This post is going to be all over the place but I decided to write it because I got all sappy tonight retelling God’s goodness and kindness of answering a prayer in His perfect timing that I had prayed sooooooo many stinkin’ times it felt like I was speaking into the wind where the words were just blowing behind me instead of the Person in front me that they were directed to.
What’s the prayer I prayed? Friendship. True friendship. In all honesty, this prayer started in college. I had friends in college but not the kind of friends who were my besties . (College people, this little snippet goes out to you – it is FAR better to not have any friends in college than to have many friends who don’t push you toward Christ. This is coming directly from someone who went through four years of schooling longing and praying for just one friend to call my BFF while there. (Lindsey, you don’t count in this because you have always and will always be my first BFF)). Then I got married and before I knew it we had a baby and had settled back into our hometown. We went to church on Sundays. I tried to get involved in MOPS and other mommy groups. I tried “dating” other moms on play dates but it all fell flat. Most people I met had all their friendship connectors filled and I had arrived a minute too late to really plug myself into anyone. I was desperately crying out to God for one friend. Just one. It was a pretty easy prayer to answer – at least I thought so. Plus Jesus is my bestie and He died for me, so what else did I really need. Queue this video: https://www.youtube.com/watch?v=1iUU6jTqB6k
Well, long story shortened (‘cuz who knows how short this will end up being).
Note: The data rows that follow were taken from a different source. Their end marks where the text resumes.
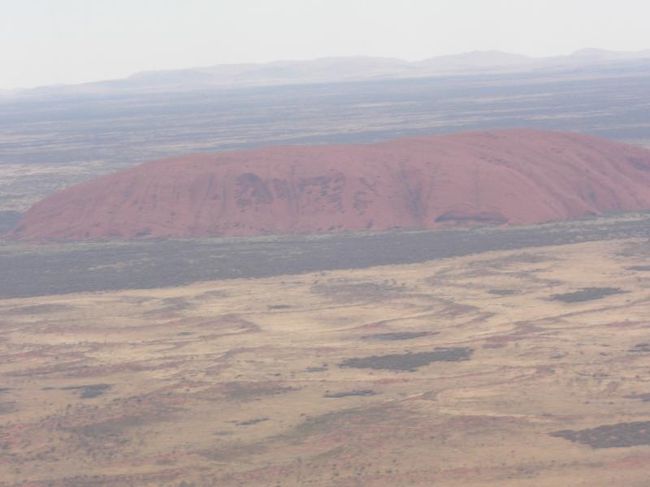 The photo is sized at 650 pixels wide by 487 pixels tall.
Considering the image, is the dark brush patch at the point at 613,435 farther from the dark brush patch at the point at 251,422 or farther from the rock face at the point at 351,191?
the rock face at the point at 351,191

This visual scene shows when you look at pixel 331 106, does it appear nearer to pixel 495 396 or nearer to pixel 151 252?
pixel 151 252

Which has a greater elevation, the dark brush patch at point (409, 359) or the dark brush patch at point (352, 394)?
the dark brush patch at point (352, 394)

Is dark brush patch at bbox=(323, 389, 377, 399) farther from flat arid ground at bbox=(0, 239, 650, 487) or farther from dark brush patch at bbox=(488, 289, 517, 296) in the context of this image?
dark brush patch at bbox=(488, 289, 517, 296)

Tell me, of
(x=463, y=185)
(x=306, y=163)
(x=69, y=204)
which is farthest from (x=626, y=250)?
(x=69, y=204)

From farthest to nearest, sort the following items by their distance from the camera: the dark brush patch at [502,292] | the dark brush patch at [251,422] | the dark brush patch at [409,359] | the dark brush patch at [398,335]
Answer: the dark brush patch at [502,292]
the dark brush patch at [398,335]
the dark brush patch at [409,359]
the dark brush patch at [251,422]

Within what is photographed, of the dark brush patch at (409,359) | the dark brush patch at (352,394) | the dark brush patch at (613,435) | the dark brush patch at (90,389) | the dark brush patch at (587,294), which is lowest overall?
the dark brush patch at (587,294)

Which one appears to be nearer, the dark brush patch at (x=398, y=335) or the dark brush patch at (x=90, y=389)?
the dark brush patch at (x=90, y=389)

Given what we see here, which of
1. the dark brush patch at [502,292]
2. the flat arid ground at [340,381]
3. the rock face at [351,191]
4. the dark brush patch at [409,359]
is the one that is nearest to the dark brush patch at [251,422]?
the flat arid ground at [340,381] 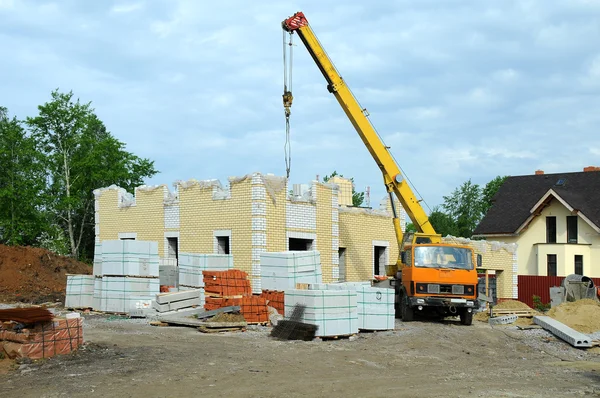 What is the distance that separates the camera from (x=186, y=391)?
10359 millimetres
We switched churches and were plugged almost immediately into a Connection Group full of people we knew nothing about and it was amazing! But this isn’t where the story ends and I raise up my hands and say I got my friends! These people were awesome and great and there will always be that bond of that group but half of us were sent on to start up Connection Groups in Cedar Rapids that would be the beginning of Veritas Cedar Rapids (which is another God story in itself). Anyway, years past and more babies were born…
I still remember the moment. And it still brings those happy, sappy, God is too good and kind to me tears. It was the moment I realized my prayers (the desperate ones, the ones that were lonely and felt like they were directed toward deaf ears) were answered. It was when I realized that God hadn’t been turning His ear from me but telling me all along to wait, that He had the perfect friendship waiting for me but that the timing of it would be the sweetest gift. One that I will always hold deeply too (just like the gifts of my husband and children and healing of our sweet boy).
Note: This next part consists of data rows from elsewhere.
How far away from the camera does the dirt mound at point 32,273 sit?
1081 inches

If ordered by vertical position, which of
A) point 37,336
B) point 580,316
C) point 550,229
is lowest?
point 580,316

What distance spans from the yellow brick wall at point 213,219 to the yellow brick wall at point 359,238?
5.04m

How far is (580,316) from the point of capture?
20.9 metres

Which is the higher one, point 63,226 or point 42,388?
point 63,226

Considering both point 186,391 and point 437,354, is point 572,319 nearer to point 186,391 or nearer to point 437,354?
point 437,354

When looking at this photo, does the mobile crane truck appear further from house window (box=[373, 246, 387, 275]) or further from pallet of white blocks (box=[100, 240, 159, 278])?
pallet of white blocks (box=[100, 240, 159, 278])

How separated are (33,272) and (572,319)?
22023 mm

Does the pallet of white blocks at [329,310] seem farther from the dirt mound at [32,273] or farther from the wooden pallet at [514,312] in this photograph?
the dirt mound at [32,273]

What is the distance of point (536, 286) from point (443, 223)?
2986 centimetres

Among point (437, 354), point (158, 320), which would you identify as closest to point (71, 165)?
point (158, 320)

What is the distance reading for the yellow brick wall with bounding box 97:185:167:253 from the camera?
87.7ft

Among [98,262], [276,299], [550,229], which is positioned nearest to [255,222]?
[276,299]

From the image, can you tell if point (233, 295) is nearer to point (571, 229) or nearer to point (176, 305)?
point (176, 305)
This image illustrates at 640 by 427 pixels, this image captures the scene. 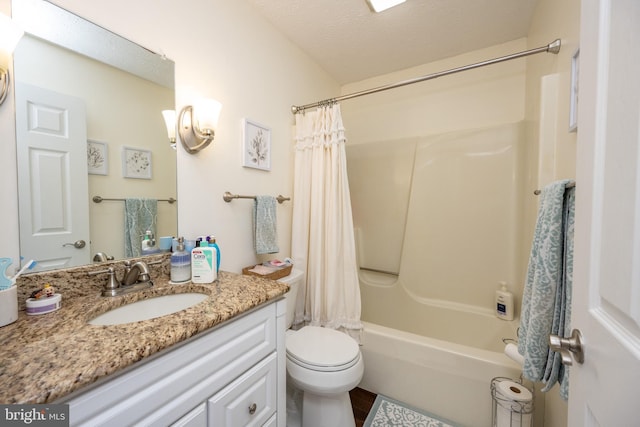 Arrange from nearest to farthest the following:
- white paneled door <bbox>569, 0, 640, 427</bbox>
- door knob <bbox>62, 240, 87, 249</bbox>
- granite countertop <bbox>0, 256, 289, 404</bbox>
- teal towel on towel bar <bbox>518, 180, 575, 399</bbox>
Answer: white paneled door <bbox>569, 0, 640, 427</bbox>, granite countertop <bbox>0, 256, 289, 404</bbox>, teal towel on towel bar <bbox>518, 180, 575, 399</bbox>, door knob <bbox>62, 240, 87, 249</bbox>

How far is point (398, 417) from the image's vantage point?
141 centimetres

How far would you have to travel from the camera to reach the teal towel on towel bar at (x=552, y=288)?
30.0 inches

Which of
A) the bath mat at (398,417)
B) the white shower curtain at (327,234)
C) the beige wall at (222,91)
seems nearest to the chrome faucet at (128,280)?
the beige wall at (222,91)

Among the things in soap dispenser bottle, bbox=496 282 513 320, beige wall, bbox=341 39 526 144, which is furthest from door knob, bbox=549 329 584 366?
beige wall, bbox=341 39 526 144

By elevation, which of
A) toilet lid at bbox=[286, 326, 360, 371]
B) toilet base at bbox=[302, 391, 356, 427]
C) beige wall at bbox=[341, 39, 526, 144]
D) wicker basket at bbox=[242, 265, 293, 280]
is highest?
beige wall at bbox=[341, 39, 526, 144]

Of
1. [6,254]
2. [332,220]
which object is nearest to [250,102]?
[332,220]

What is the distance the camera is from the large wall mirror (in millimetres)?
797

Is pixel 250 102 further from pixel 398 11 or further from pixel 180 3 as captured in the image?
pixel 398 11

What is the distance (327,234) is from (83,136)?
4.16 feet

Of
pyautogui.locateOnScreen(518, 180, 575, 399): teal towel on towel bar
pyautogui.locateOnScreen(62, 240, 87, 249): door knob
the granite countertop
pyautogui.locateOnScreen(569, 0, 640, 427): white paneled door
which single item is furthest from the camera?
pyautogui.locateOnScreen(62, 240, 87, 249): door knob

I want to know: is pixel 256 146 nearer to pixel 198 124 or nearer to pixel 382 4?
pixel 198 124

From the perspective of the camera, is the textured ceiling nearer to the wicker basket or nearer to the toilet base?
the wicker basket

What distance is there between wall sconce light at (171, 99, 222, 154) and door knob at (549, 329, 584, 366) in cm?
136

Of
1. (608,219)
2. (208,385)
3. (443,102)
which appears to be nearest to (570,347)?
(608,219)
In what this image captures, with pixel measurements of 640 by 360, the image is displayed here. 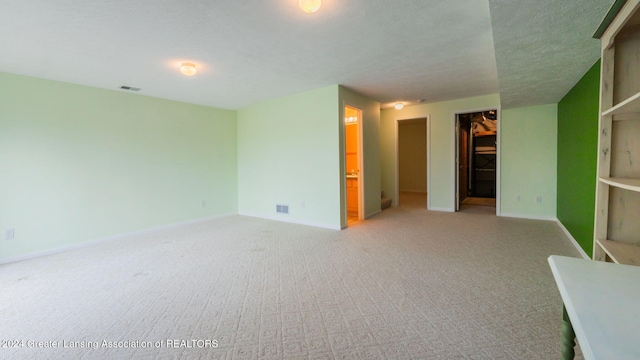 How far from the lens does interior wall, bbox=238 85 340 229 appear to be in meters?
4.42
I’ve written about it before but when Garrison was born, we spent the first three-ish months of his life back and forth from the U of I Children’s Hospital. It was exhausting. Our wonderful community set up meals and watched our kids and did everything they could to make those months smoother.
I still remember the day that Alexa came to my house to bring our family dinner. She remembered me telling her that hospital days were exhausting and how I never had the energy to feed my family by the time we got home (and this was well after the initial weekly trips to the hospital had stopped and when life had calmed waaaaaaaaaaay down). It feels like just yesterday that I heard God telling me “My sweet child, I heard your prayers. ALWAYS! I wanted you to wait for the friendships that I knew would be perfect for you.” And He was right.
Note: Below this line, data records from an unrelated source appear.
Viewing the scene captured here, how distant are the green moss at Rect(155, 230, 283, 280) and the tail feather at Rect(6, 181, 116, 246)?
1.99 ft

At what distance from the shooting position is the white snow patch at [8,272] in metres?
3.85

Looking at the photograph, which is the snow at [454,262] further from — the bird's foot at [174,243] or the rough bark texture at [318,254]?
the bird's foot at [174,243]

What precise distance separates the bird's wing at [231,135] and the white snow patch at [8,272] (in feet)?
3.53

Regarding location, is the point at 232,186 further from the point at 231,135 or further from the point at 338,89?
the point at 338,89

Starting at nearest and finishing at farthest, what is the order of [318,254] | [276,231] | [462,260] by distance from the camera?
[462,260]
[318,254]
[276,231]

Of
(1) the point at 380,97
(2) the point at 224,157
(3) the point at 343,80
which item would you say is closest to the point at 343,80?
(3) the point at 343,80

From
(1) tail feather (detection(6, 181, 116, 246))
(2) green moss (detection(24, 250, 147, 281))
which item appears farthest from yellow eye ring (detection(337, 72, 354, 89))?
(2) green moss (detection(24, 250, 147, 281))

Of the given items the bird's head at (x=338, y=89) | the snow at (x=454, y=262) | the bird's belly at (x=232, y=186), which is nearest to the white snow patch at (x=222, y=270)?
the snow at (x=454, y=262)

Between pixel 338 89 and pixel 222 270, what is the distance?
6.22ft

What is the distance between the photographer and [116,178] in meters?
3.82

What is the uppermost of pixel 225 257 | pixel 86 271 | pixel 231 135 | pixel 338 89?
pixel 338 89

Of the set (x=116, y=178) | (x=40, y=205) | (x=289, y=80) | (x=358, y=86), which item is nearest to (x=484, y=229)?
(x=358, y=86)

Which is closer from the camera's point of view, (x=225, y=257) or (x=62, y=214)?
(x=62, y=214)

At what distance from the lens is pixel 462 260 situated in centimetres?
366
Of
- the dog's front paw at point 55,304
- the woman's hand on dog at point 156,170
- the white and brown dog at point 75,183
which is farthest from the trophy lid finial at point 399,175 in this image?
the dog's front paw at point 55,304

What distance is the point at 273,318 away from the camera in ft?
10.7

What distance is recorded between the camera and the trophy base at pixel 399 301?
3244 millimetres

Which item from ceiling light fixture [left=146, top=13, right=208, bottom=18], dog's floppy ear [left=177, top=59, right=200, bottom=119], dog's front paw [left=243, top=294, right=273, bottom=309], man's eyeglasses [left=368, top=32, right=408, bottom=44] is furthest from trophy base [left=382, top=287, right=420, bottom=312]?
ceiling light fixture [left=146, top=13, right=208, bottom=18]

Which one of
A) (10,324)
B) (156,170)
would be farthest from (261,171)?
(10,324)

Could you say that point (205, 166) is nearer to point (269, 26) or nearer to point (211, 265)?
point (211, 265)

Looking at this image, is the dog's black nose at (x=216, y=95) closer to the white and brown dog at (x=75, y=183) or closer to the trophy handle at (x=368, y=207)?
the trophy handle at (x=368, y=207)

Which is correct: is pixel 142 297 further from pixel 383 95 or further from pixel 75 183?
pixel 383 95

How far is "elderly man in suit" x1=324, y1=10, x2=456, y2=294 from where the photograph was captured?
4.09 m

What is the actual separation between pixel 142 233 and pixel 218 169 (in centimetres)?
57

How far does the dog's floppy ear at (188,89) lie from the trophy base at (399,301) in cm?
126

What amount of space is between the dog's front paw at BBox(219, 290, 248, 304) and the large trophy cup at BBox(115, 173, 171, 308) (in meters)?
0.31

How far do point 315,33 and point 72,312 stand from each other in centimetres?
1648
This friendship (and all the friendships He has graciously given to me the years since – shout out to all my homies!!!!!!*), was so worth the wait.
The point of this post isn’t to gloat over my bestie (although she is pretty great) but really to say, if you are lonely, keep praying. Keep praying. God is faithful and He listens and cares and your cries out to Him do not land on deaf ears. And if you are lonely (or maybe you don’t even realize you are lonely because you have filled your life with busy-ness to distract you from loneliness), I am willing (me, Karlee Sue Hufford) to step in and be the community you need. You know, the one you call when you are sick and need diapers or medicine or chicken soup or someone to watch your kids or to bring you Starbucks or just listen and pray with and for you. We might never be BFFs but I’ll stand in until you look up one day and see your best friend standing there and you get to see answered prayer. Because when you see God answer prayer in His perfect timing, you always realize the wait was worth it. Loneliness is always worth seeing God’s work in your life. Always.
So if you are not willing to ask (I know the most humble of us struggle with pride (raises my hand) and it SUCKS to admit you are in need of friends – believe me, I’ve been there, done that) and I see you looking lonely, please accept my offers to lighten your load (motherhood is a heavy thing to carry all by yourself) and to be your friend.
*So I was totally going to write homommies (you know, a combo of homies and mommies) but I realized after getting mad at autocorrect for changing it to homilies a dozen times that homommies looks and sounds like ho-mommies and we don’t want any of that.